- **TASK DATA**:
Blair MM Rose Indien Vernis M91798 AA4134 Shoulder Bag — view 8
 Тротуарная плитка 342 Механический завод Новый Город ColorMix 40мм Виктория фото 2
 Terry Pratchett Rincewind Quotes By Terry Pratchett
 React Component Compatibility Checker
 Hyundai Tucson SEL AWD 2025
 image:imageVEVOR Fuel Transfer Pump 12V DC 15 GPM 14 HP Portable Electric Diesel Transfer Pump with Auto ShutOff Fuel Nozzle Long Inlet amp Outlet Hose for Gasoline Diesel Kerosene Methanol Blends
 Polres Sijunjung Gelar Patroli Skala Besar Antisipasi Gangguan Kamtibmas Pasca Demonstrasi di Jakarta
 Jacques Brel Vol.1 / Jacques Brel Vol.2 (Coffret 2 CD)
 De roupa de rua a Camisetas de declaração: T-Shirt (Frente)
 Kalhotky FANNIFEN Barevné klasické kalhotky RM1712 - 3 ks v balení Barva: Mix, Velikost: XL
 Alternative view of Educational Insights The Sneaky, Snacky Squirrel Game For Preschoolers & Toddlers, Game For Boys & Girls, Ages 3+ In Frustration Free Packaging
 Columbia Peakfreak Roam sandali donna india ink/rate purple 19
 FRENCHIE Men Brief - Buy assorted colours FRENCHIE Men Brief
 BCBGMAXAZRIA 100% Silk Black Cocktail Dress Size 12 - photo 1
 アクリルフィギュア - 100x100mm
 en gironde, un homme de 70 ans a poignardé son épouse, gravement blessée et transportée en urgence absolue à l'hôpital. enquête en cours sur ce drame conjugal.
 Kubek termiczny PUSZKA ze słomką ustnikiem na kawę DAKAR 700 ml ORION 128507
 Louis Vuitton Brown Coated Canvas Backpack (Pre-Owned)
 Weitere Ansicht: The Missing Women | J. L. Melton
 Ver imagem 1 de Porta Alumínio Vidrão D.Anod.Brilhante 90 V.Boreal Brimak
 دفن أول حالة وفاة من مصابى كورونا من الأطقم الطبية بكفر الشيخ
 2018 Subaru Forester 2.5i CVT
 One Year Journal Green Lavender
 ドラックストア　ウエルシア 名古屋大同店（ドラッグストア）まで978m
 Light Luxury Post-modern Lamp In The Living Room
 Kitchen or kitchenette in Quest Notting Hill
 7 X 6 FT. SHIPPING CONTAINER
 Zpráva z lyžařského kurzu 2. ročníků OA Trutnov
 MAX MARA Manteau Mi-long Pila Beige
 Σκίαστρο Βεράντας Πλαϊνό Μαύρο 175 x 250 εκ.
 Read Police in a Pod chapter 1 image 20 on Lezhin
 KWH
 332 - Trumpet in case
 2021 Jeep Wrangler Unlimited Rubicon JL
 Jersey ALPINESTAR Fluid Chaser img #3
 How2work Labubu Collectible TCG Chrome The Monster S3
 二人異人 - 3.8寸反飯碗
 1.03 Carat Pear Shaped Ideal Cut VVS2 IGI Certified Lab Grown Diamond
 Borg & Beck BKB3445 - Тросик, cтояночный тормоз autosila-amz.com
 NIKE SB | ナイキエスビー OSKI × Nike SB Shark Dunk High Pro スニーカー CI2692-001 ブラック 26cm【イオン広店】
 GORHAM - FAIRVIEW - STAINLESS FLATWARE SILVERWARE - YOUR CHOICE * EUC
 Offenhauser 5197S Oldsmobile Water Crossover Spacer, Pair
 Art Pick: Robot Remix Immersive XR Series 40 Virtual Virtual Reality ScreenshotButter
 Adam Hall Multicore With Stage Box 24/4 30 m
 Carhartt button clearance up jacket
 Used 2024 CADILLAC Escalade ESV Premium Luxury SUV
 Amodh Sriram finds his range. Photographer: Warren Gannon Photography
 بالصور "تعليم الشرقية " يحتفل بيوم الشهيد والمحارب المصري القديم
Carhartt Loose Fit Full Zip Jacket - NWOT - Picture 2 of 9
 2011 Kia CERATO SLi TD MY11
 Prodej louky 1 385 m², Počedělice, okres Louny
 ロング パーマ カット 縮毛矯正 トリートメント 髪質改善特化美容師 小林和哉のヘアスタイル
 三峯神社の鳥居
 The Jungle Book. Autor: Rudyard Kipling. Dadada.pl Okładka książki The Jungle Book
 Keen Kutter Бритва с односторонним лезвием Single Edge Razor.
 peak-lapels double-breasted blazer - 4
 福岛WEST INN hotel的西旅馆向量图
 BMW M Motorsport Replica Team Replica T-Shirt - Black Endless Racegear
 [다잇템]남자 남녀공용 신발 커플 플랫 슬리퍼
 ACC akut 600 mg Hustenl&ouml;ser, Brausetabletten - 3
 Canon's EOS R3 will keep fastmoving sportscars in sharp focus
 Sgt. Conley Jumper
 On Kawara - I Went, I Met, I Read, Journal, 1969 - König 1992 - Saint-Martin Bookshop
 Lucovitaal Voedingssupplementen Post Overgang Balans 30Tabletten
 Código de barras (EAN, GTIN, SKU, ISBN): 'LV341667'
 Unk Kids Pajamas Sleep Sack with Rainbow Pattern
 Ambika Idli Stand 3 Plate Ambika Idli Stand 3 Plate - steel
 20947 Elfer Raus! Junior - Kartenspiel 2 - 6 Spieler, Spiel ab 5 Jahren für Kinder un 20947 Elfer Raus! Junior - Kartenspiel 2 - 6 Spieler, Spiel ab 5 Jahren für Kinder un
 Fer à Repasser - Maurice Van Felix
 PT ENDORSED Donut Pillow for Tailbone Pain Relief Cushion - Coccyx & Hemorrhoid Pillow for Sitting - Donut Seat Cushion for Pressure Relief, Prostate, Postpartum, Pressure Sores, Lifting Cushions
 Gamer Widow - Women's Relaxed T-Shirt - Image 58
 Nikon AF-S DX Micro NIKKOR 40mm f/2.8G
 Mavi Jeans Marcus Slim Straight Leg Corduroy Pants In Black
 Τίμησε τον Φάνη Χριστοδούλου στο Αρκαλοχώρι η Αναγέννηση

- **WORK INSTRUCTION**: Copy each line of the listing that carries the word "Carhartt".

- **RESPONSE BOX**:
 Carhartt button clearance up jacket
Carhartt Loose Fit Full Zip Jacket - NWOT - Picture 2 of 9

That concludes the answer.